**DATA BELOW**
+++

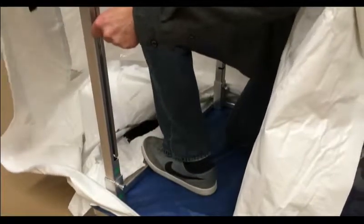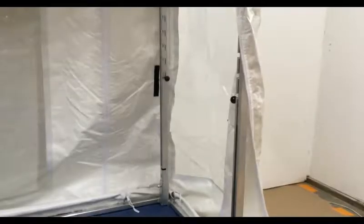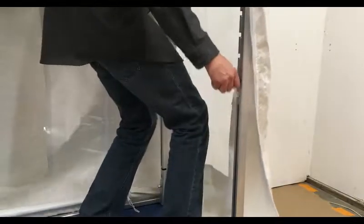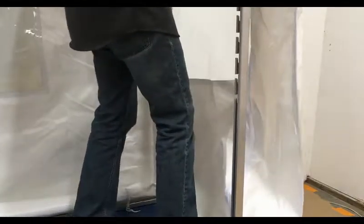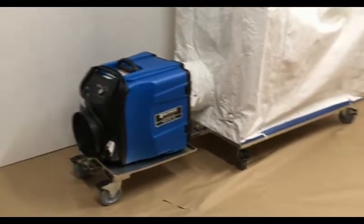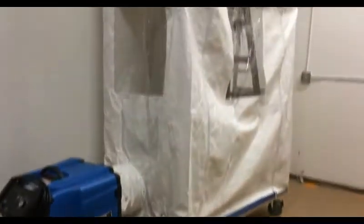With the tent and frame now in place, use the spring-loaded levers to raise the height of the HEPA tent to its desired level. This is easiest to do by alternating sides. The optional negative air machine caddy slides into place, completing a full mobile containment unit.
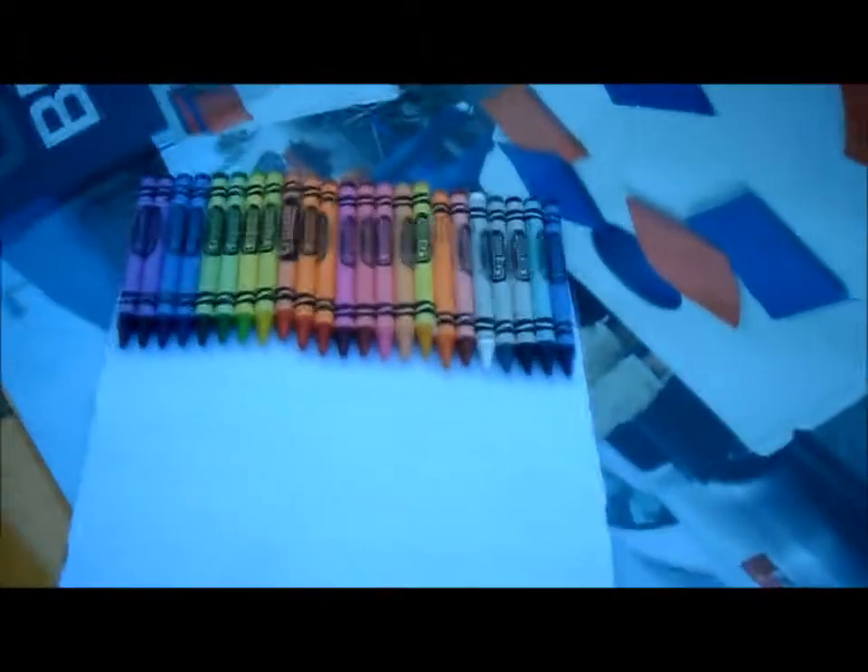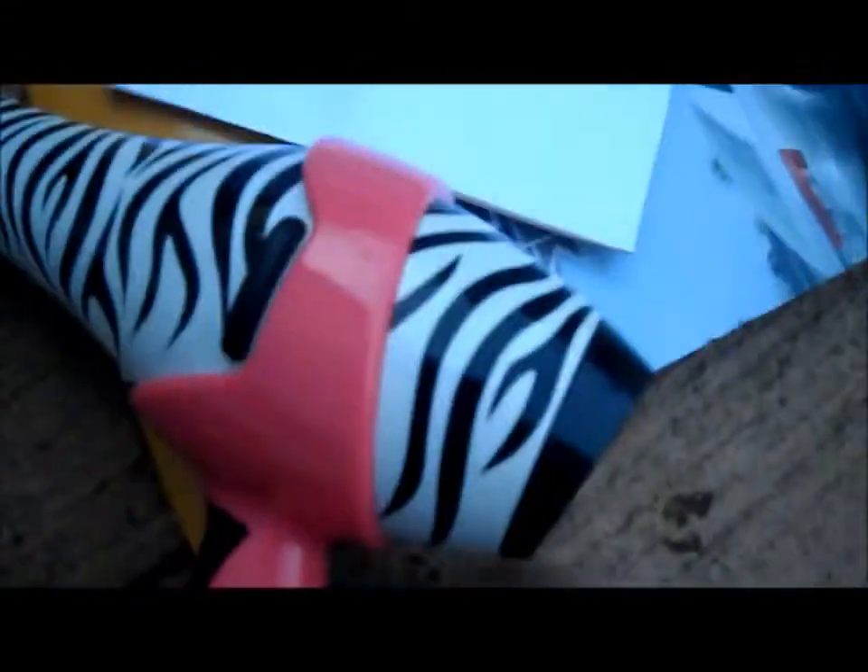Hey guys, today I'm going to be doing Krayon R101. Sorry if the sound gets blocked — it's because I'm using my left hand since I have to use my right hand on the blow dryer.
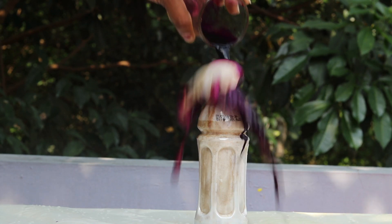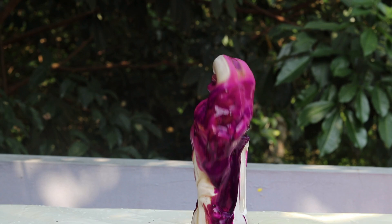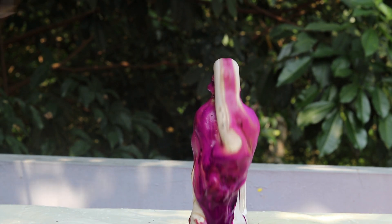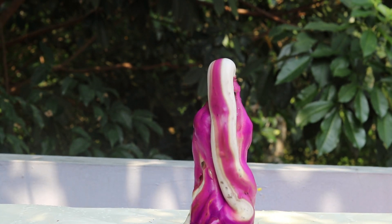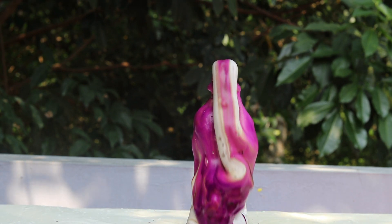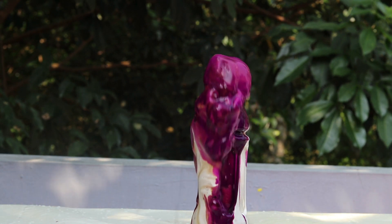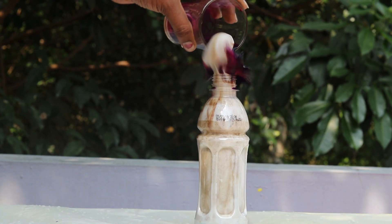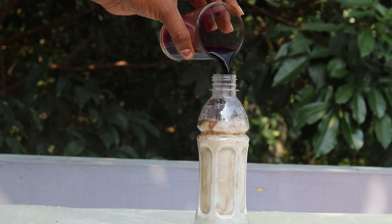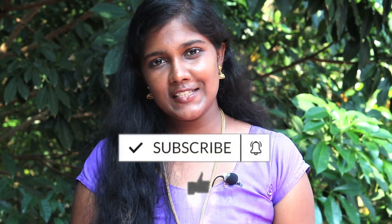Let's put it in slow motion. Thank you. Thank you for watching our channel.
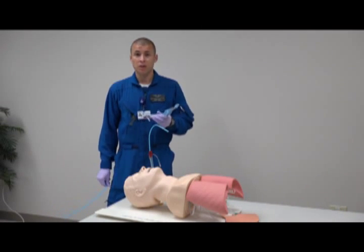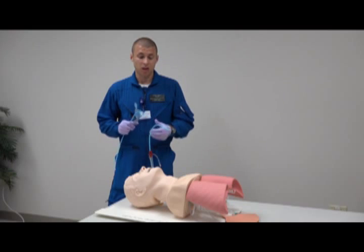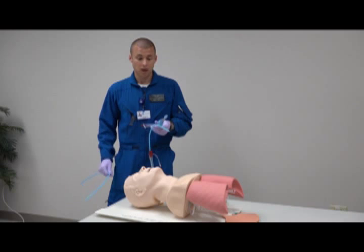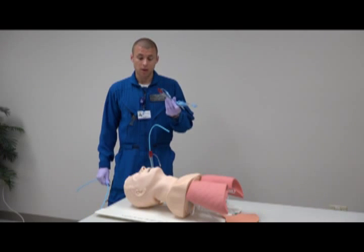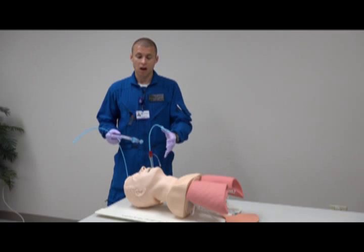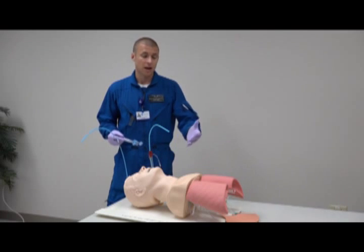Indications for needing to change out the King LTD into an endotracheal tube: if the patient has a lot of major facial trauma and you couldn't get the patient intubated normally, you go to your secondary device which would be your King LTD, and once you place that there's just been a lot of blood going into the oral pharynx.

+++

**TASK PROMPT**
Restate the whole of the material word for word without the pictures.

**EXERCISE RESULT**
With the tent and frame now in place, use the spring-loaded levers to raise the height of the HEPA tent to its desired level. This is easiest to do by alternating sides. The optional negative air machine caddy slides into place, completing a full mobile containment unit.
Hey guys, today I'm going to be doing Krayon R101. Sorry if the sound gets blocked — it's because I'm using my left hand since I have to use my right hand on the blow dryer.
Let's put it in slow motion. Thank you. Thank you for watching our channel.
Indications for needing to change out the King LTD into an endotracheal tube: if the patient has a lot of major facial trauma and you couldn't get the patient intubated normally, you go to your secondary device which would be your King LTD, and once you place that there's just been a lot of blood going into the oral pharynx.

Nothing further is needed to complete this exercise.